The bill was introduced to the House under urgency on 27 September 2011. As introduced, the bill was retrospective, and declared video surveillance lawful no matter when it had occurred. This was intended to apply to "current prosecutions before the courts, convictions entered as the result of past prosecutions, and existing investigations involving the gathering of evidence for potential future prosecutions". The sole exception was the Hamed case. The bill would have effect for 12 months, allowing Parliament time to progress the Search and Surveillance Act.
The bill passed its first reading 106-15 and was sent to the Justice and Electoral Select Committee for an abbreviated select committee process. The bill was heavily criticised by submitters, with the Criminal Bar Association calling it "legal magic dust", and constitutional lawyer Andrew Geddis an "overreaction". The New Zealand Human Rights Commission expressed concerns that it would damage New Zealand's international image, while former Prime Minister and architect of the New Zealand Bill of Rights Act 1990 Geoffrey Palmer labelled it "oppressive".
The bill was reported back on 3 October 2011, and substantially amended.
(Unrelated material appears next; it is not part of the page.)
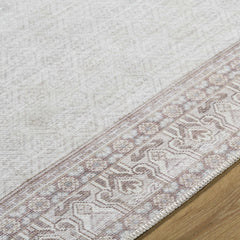 Rainier Cottage Border Brown Washable Rug | Our PNW Home X Livabliss - Ornate Home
The retrospective aspect of the bill was removed. Past surveillance would not be made lawful, but convictions obtained using evidence from such surveillance would not be able to be challenged.
The bill passed through its remaining stages under urgency on 6 October, passing its third reading 105-14, with the Greens, Māori Party, and Mana opposing. It was granted the Royal Assent on 17 October, and became law the following day.
The effect of the Act was limited to covert video surveillance connected to searches conducted within six months of it becoming law.